Reading articles skeptical of the veracity of topic model outputs has reminded me of this passage from Wittgenstein’s Philosophical Investigations:
Our language can be seen as an ancient city: a maze of little streets and squares, of old and new houses, and of houses with additions from various periods; and this surrounded by a multitude of new boroughs with straight regular streets and uniform houses.
In short: words are complicated. Their meaning and use shifts over time, building a complex infrastructure which can be difficult to interpret. Indeed, humanists can spend a whole career examining and arguing over the implications of words.
In theory, topic models can provide a solution to this complication: if a “topic” accurately represents a “concept,” then it dramatically reduces the dimensionality of a set of documents, eliciting the core concepts while moving beyond the complication of words.
Of course, topics are also complicated. As Ben Schmidt argues in Words Alone: Dismantling Topic Models in the Humanities, topics are even more complicated – words, at least, are complicated in an understood and accessible way. Topics models, on the other hand, are abstract and potentially inaccessible to people without the requisite technical knowledge.
To really understand a topic returned by a topic model, it is not enough to look at the top N words – a common practice for evaluating and presenting topics – you need to look at the full distribution.
But what does it even look like to examine the distribution of words returned by a topic model? The question itself belies understanding.

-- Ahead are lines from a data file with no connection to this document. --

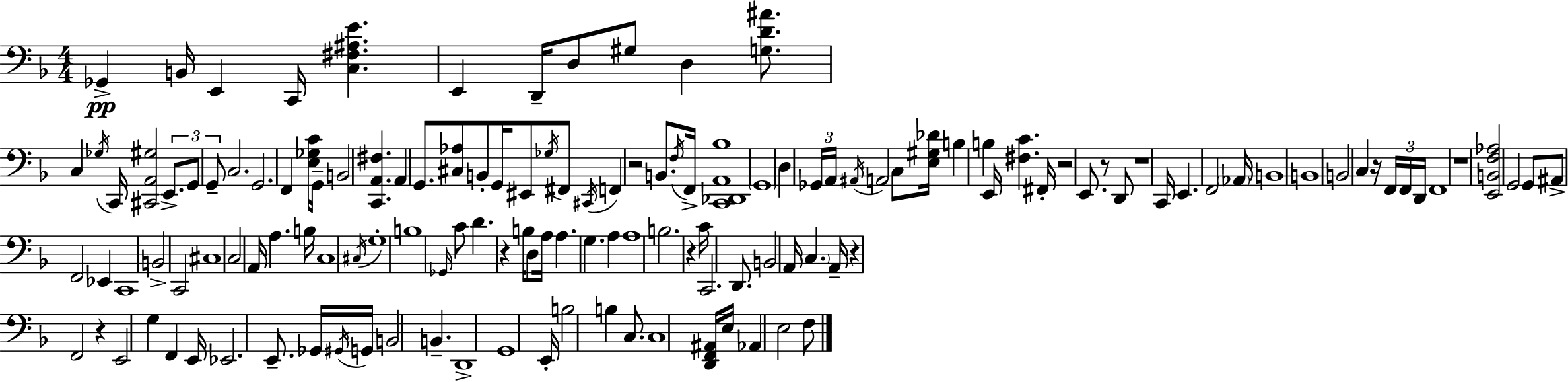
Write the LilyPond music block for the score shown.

{
  \clef bass
  \numericTimeSignature
  \time 4/4
  \key d \minor
  ges,4->\pp b,16 e,4 c,16 <c fis ais e'>4. | e,4 d,16-- d8 gis8 d4 <g d' ais'>8. | c4 \acciaccatura { ges16 } c,16 <cis, a, gis>2 \tuplet 3/2 { e,8.-> | g,8 g,8-- } c2. | \break g,2. f,4 | <e ges c'>16 g,16-- b,2 <c, a, fis>4. | a,4 g,8. <cis aes>8 b,8-. g,16 eis,8 \acciaccatura { ges16 } | fis,8 \acciaccatura { cis,16 } f,4 r2 b,8. | \break \acciaccatura { f16 } f,16-> <c, des, a, bes>1 | \parenthesize g,1 | d4 \tuplet 3/2 { ges,16 a,16 \acciaccatura { ais,16 } } a,2 | c8 <e gis des'>16 b4 b4 e,16 <fis c'>4. | \break fis,16-. r2 e,8. | r8 d,8 r1 | c,16 e,4. f,2 | \parenthesize aes,16 b,1 | \break b,1 | b,2 c4 | r16 \tuplet 3/2 { f,16 f,16 d,16 } f,1 | r1 | \break <e, b, f aes>2 g,2 | g,8 ais,8-> f,2 | ees,4 c,1 | b,2-> c,2 | \break cis1 | c2 a,16 a4. | b16 c1 | \acciaccatura { cis16 } g1-. | \break b1 | \grace { ges,16 } c'8 d'4. r4 | b16 d8 a16 a4. g4. | a4 a1 | \break b2. | r4 c'16 c,2. | d,8. b,2 a,16 | \parenthesize c4. a,16-- r4 f,2 | \break r4 e,2 g4 | f,4 e,16 ees,2. | e,8.-- ges,16 \acciaccatura { gis,16 } g,16 b,2 | b,4.-- d,1-> | \break g,1 | e,16-. b2 | b4 c8. c1 | <d, f, ais,>16 e16 aes,4 e2 | \break f8 \bar "|."
}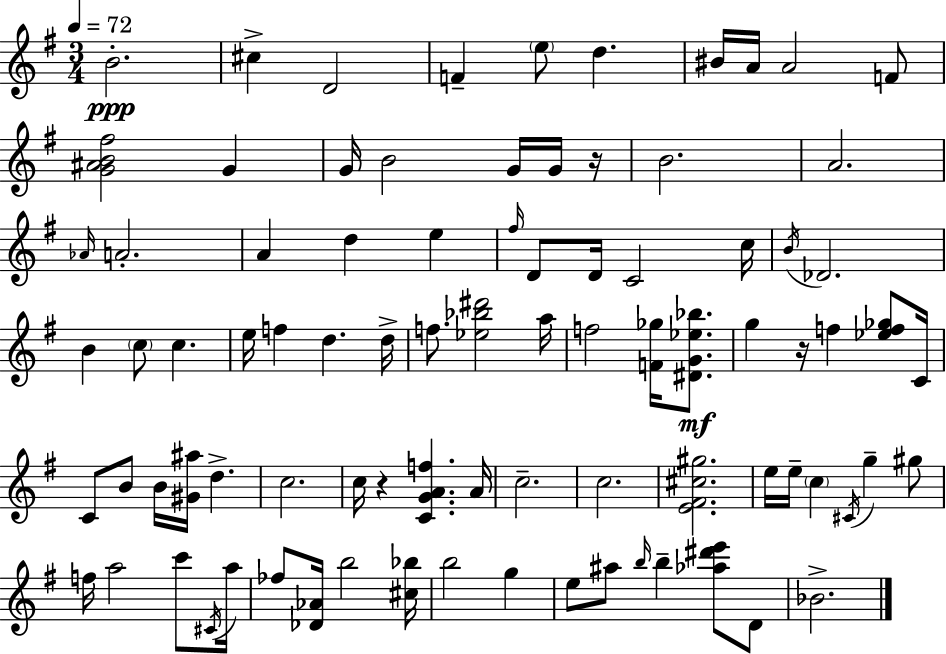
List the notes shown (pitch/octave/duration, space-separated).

B4/h. C#5/q D4/h F4/q E5/e D5/q. BIS4/s A4/s A4/h F4/e [G4,A#4,B4,F#5]/h G4/q G4/s B4/h G4/s G4/s R/s B4/h. A4/h. Ab4/s A4/h. A4/q D5/q E5/q F#5/s D4/e D4/s C4/h C5/s B4/s Db4/h. B4/q C5/e C5/q. E5/s F5/q D5/q. D5/s F5/e. [Eb5,Bb5,D#6]/h A5/s F5/h [F4,Gb5]/s [D#4,G4,Eb5,Bb5]/e. G5/q R/s F5/q [Eb5,F5,Gb5]/e C4/s C4/e B4/e B4/s [G#4,A#5]/s D5/q. C5/h. C5/s R/q [C4,G4,A4,F5]/q. A4/s C5/h. C5/h. [E4,F#4,C#5,G#5]/h. E5/s E5/s C5/q C#4/s G5/q G#5/e F5/s A5/h C6/e C#4/s A5/s FES5/e [Db4,Ab4]/s B5/h [C#5,Bb5]/s B5/h G5/q E5/e A#5/e B5/s B5/q [Ab5,D#6,E6]/e D4/e Bb4/h.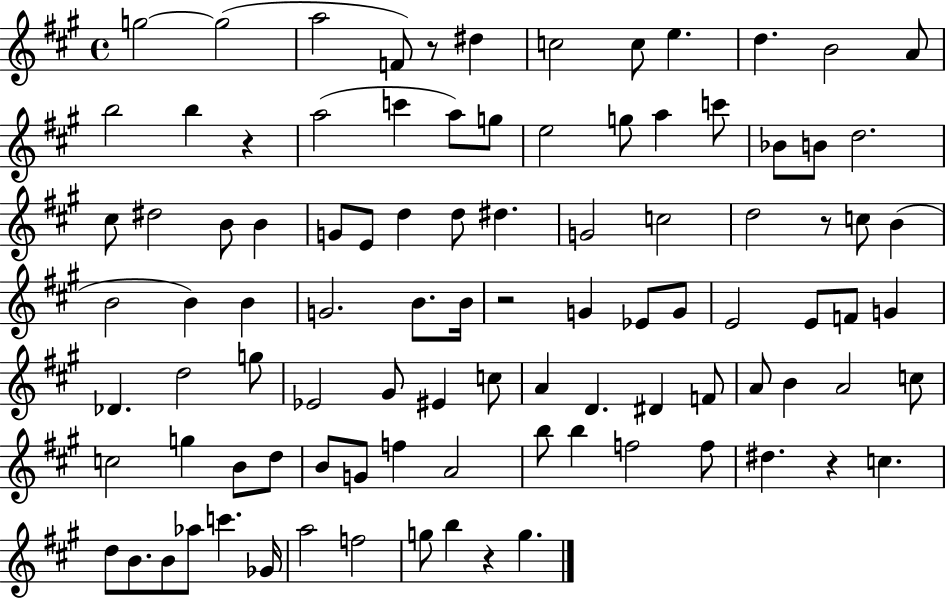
X:1
T:Untitled
M:4/4
L:1/4
K:A
g2 g2 a2 F/2 z/2 ^d c2 c/2 e d B2 A/2 b2 b z a2 c' a/2 g/2 e2 g/2 a c'/2 _B/2 B/2 d2 ^c/2 ^d2 B/2 B G/2 E/2 d d/2 ^d G2 c2 d2 z/2 c/2 B B2 B B G2 B/2 B/4 z2 G _E/2 G/2 E2 E/2 F/2 G _D d2 g/2 _E2 ^G/2 ^E c/2 A D ^D F/2 A/2 B A2 c/2 c2 g B/2 d/2 B/2 G/2 f A2 b/2 b f2 f/2 ^d z c d/2 B/2 B/2 _a/2 c' _G/4 a2 f2 g/2 b z g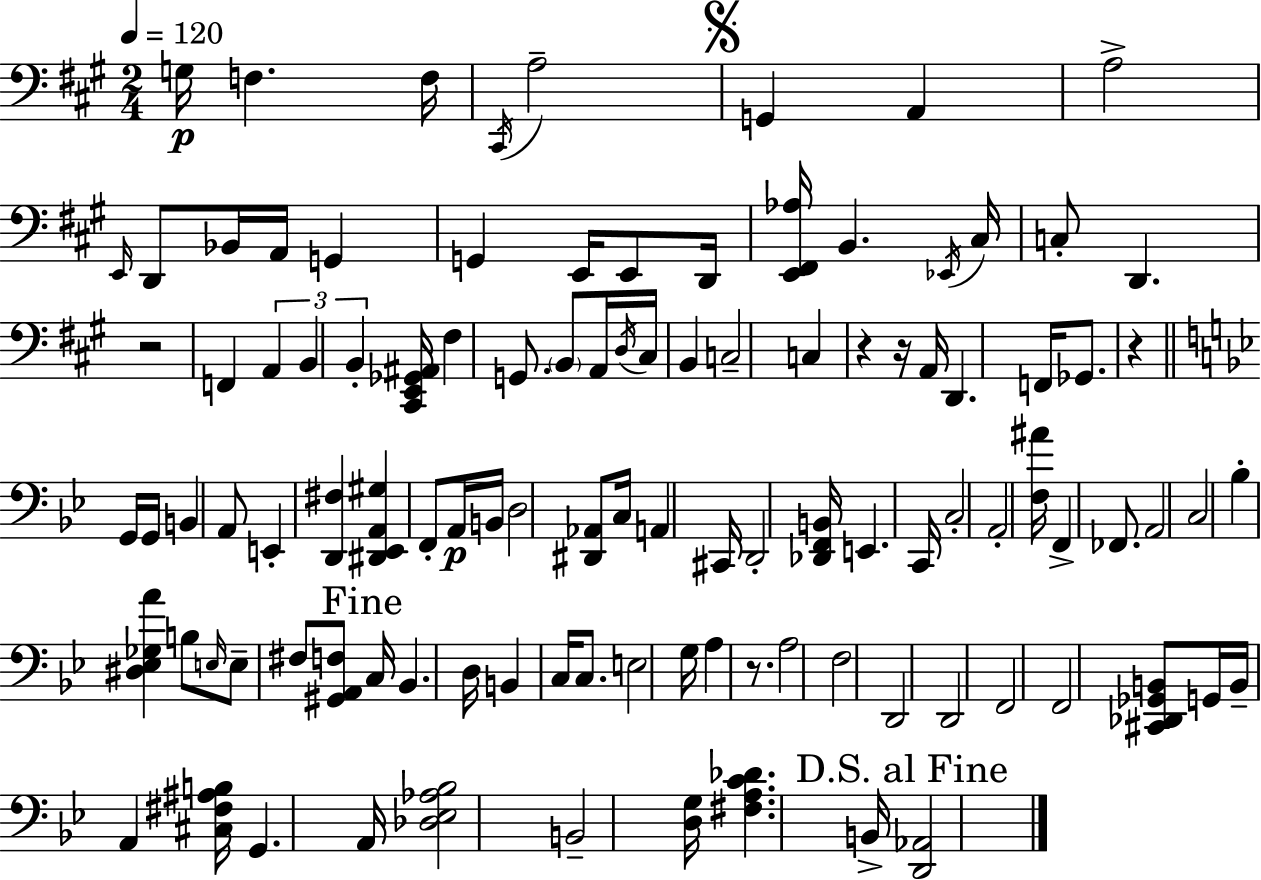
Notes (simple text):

G3/s F3/q. F3/s C#2/s A3/h G2/q A2/q A3/h E2/s D2/e Bb2/s A2/s G2/q G2/q E2/s E2/e D2/s [E2,F#2,Ab3]/s B2/q. Eb2/s C#3/s C3/e D2/q. R/h F2/q A2/q B2/q B2/q [C#2,E2,Gb2,A#2]/s F#3/q G2/e. B2/e A2/s D3/s C#3/s B2/q C3/h C3/q R/q R/s A2/s D2/q. F2/s Gb2/e. R/q G2/s G2/s B2/q A2/e E2/q [D2,F#3]/q [D#2,Eb2,A2,G#3]/q F2/e A2/s B2/s D3/h [D#2,Ab2]/e C3/s A2/q C#2/s D2/h [Db2,F2,B2]/s E2/q. C2/s C3/h A2/h [F3,A#4]/s F2/q FES2/e. A2/h C3/h Bb3/q [D#3,Eb3,Gb3,A4]/q B3/e E3/s E3/e F#3/e [G#2,A2,F3]/e C3/s Bb2/q. D3/s B2/q C3/s C3/e. E3/h G3/s A3/q R/e. A3/h F3/h D2/h D2/h F2/h F2/h [C#2,Db2,Gb2,B2]/e G2/s B2/s A2/q [C#3,F#3,A#3,B3]/s G2/q. A2/s [Db3,Eb3,Ab3,Bb3]/h B2/h [D3,G3]/s [F#3,A3,C4,Db4]/q. B2/s [D2,Ab2]/h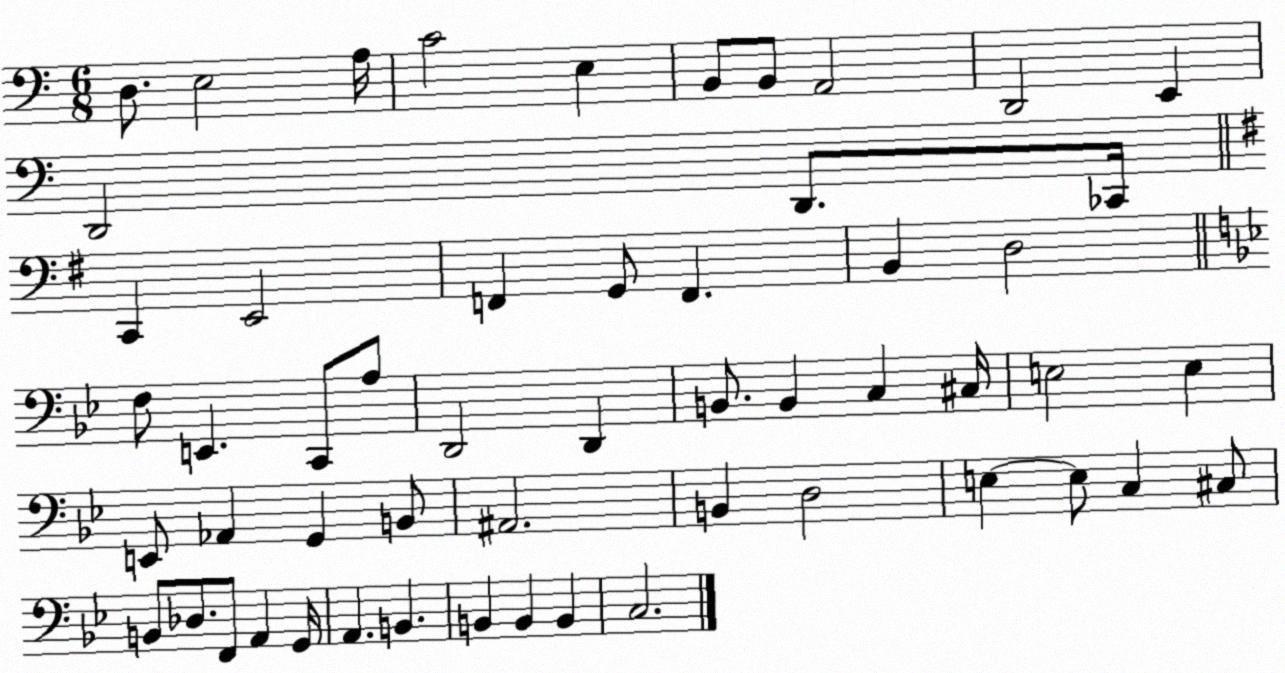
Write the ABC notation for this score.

X:1
T:Untitled
M:6/8
L:1/4
K:C
D,/2 E,2 A,/4 C2 E, B,,/2 B,,/2 A,,2 D,,2 E,, D,,2 D,,/2 _C,,/4 C,, E,,2 F,, G,,/2 F,, B,, D,2 F,/2 E,, C,,/2 A,/2 D,,2 D,, B,,/2 B,, C, ^C,/4 E,2 E, E,,/2 _A,, G,, B,,/2 ^A,,2 B,, D,2 E, E,/2 C, ^C,/2 B,,/2 _D,/2 F,,/2 A,, G,,/4 A,, B,, B,, B,, B,, C,2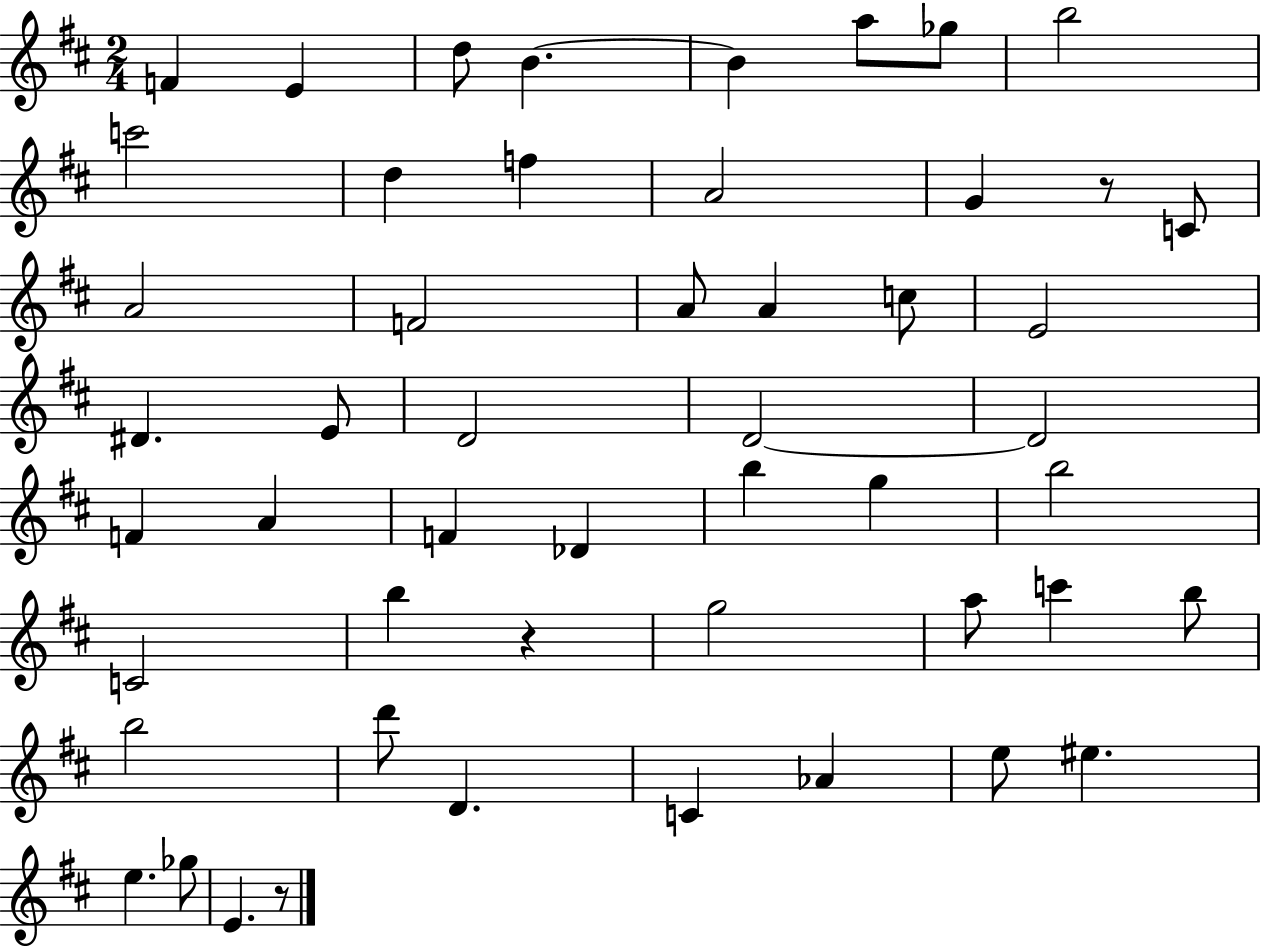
F4/q E4/q D5/e B4/q. B4/q A5/e Gb5/e B5/h C6/h D5/q F5/q A4/h G4/q R/e C4/e A4/h F4/h A4/e A4/q C5/e E4/h D#4/q. E4/e D4/h D4/h D4/h F4/q A4/q F4/q Db4/q B5/q G5/q B5/h C4/h B5/q R/q G5/h A5/e C6/q B5/e B5/h D6/e D4/q. C4/q Ab4/q E5/e EIS5/q. E5/q. Gb5/e E4/q. R/e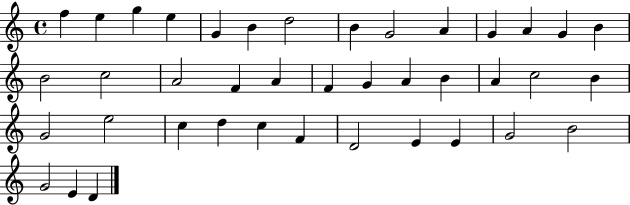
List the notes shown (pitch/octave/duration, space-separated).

F5/q E5/q G5/q E5/q G4/q B4/q D5/h B4/q G4/h A4/q G4/q A4/q G4/q B4/q B4/h C5/h A4/h F4/q A4/q F4/q G4/q A4/q B4/q A4/q C5/h B4/q G4/h E5/h C5/q D5/q C5/q F4/q D4/h E4/q E4/q G4/h B4/h G4/h E4/q D4/q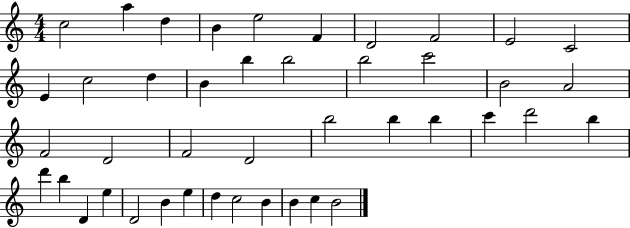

While “words” are generally complicated, Schmidt finds a clever opportunity to examine a distribution of “words” using ships logs. Each text contains the voyage of a single ship and each “word” is given as a single longitude and latitude. The “words” returned by the topic model can then be plotted precisely in 2D space.
With these visualizations of topic distributions, Schmidt raises important questions about the assumptions of coherence and stability which topic models assume.
He doesn’t advocate entirely against topic models, but he does warn humanists to be weary. And, importantly, he puts forth a call for new methods to bring the words back to topic models – to find ways to visualize and understand entire distributions of words rather than simply truncating topics to lists of top words.